Per il resto, le doglianze svolte dai ricorrenti attengono alla valutazione operata in punto di fatto in ordino all’attendibilità delle persone offese, su cui i giudici del merito hanno reso motivazione esauriente e logica, in quanto tale non censurabile in questa sede.

2- In ordine alla qualificazione giuridica del fatto, si premetta, che, per giurisprudenza largamente maggioritaria di questa S.C., i delitti di estorsione e di turbata libertà degli incanti possono concorrere formalmente, in quanto il primo si connota per la coartazione dell’altrui volontà con lo specifico fine del conseguimento di un ingiusto profitto con altrui danno patrimoniale, mentre il secondo si caratterizza per il dolo generico, per la coscienza e volontà di impedire, turbare la gara o allontanare gli offerenti, nonchè per essere reato di pericolo che si consuma al momento in cui la gara è impedita o turbata, senza che occorra la produzione di un danno o il conseguimento di un profitto (cfr. Cass. Sez. 2 n. 13505 del 13.3.08, dep. 31.3.08, Cass. Sez. 2 n. 12266 del 27.2.08, dep. 19.3.08; Cass. Sez. 2 n. 4925 del 26.1.06. dep. 8.2.06;

Cass. Sez. 2 n. 46884 del 4.11.04, dep. 2.12.04; Cass. Sez. 2 n. 45625 del 25.9.03, dep. 25.11.03; Cass. Sez. 2 n. 3797 del 30.11.89, dep. 16.3.90; contra, Cass. Sez. 6 n. 19607 del 3.3.04, dep. 28.4.04).

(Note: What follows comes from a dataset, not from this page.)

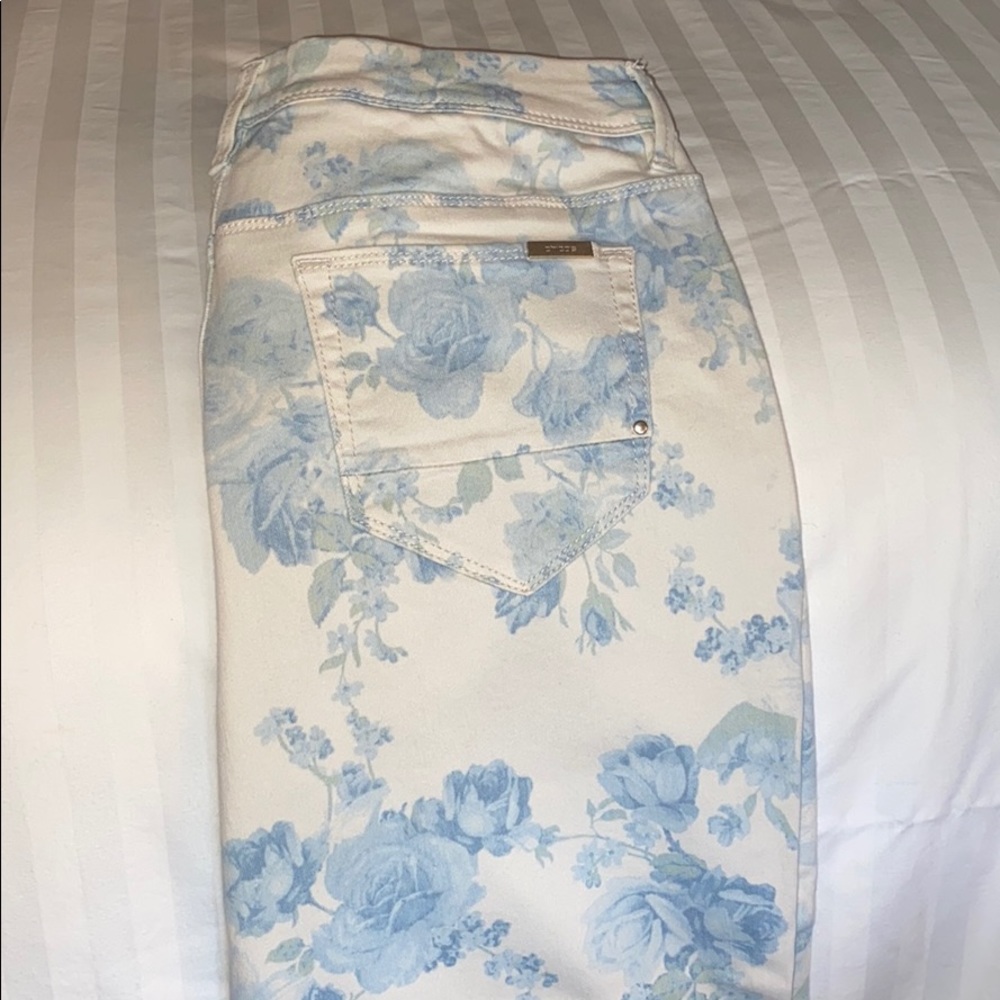 Chico’s So Slimming crops, size 1 (8-10)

Pertanto, ai presenti fini poco importa che nel caso di specie fosse o meno configurabile, riguardo a tutti i protagonisti della vicenda, il reato p. e p. ex art. 353 c.p., poichè resta comunque integrato, a carico degli odierni ricorrenti, anche il delitto di tentata estorsione, visto che il male minacciato era comunque ingiusto per il mezzo adoperato, ad onta del divieto per il G. medesimo, sancito dall’art. 579 c.p.c., comma 1, di partecipare all’incanto, anche per interposta persona (cfr. Cass. civ., Sez. 3, 16.5.07 n. 11258).

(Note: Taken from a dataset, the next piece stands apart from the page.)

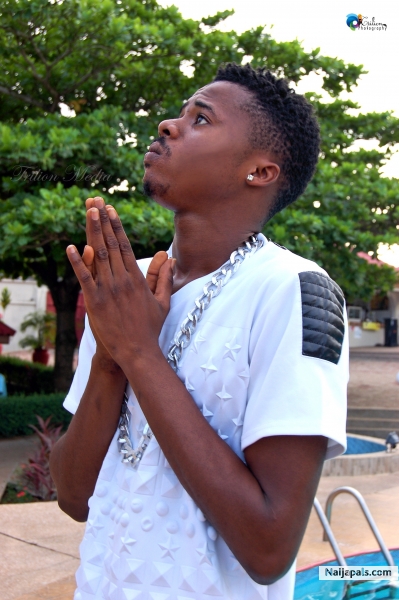 i only look up to God - click for next photo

Infatti, se è vero che la minaccia non è penalmente apprezzabile quando è legittima e tende a realizzare un diritto riconosciuto e tutelato dall’ordinamento giuridico, nondimeno essa diviene contra ius quando, pur non essendo antigiuridico il male prospettato (nella specie, impedire la partecipazione all’incanto da parte del debitore esecutato o di suoi incaricati), lo sia il mezzo, perchè rivolto alla realizzazione di uno scopo diverso da quello per cui è apprestato dalla legge. Ne consegue che, in tema di estorsione, la minaccia di un male legalmente giustificato assume il carattere d’ingiustizia quando sia fatta non già con l’intento di esercitare un diritto, ma col proposito di coartare la volontà di altri e di soddisfare scopi personali non conformi a giustizia.

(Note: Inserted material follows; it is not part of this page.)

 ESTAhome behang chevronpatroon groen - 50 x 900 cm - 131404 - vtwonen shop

In breve, l’ingiustizia del proposito rende necessariamente ingiusta la minaccia di danno rivolta alla vittima e il male minacciato, giusto obiettivamente, diventa ingiusto per il fine cui è diretto (in proposto la giurisprudenza di questa S.C. è antica e costante:

cfr. Cass. Sez. 2 n. 877 del 17.10.73, dep. 31.1.74; Cass Sez. 2 n. 7731 del 23.3.82, dep. 13.8.82, e altre ancora).

3- Contrariamente a quanto dedotto dal Pa., il reato di tentata estorsione in discorso, che risale all’8.4.02, ad oggi non risulta estinto per prescrizione grazie alle relative sospensioni verificatesi nel corso del processo, che ammontano a più di un anno e sette mesi.

4- In conclusione, i ricorsi sono da rigettarsi perchè infondati.

Consegue la condanna dei ricorrenti al pagamento delle spese processuali nonchè alla rifusione in favore delle porti civili M.L. e G.C. delle spese sostenute nel presente grado, liquidate in Euro 2,000,00 oltre spese generali IVA e CPA. Da ultimo, è appena il caso di notare che in questa sede non si può procedere alla liquidazione del danno chiesta con le conclusioni scritte depositate all’odierna udienza dalla difesa di parte civile, danno già liquidato in primo grado senza che il relativo capo sia stato oggetto di impugnazione.
P.Q.M.

La Corte Suprema di Cassazione, Seconda Sezione Penale, rigetta i ricorsi e condanna i ricorrenti al pagamento delle spese processuali nonchè alla rifusione in favore delle parti civili M. L. e G.C. delle spese sostenute nel presente grado liquidate in Euro 2.000,00 oltre sposo generali IVA e CPA. Così deciso in Roma, il 8 aprile 2011.

Testo non ufficiale. La sola stampa del bollettino ufficiale ha carattere legale.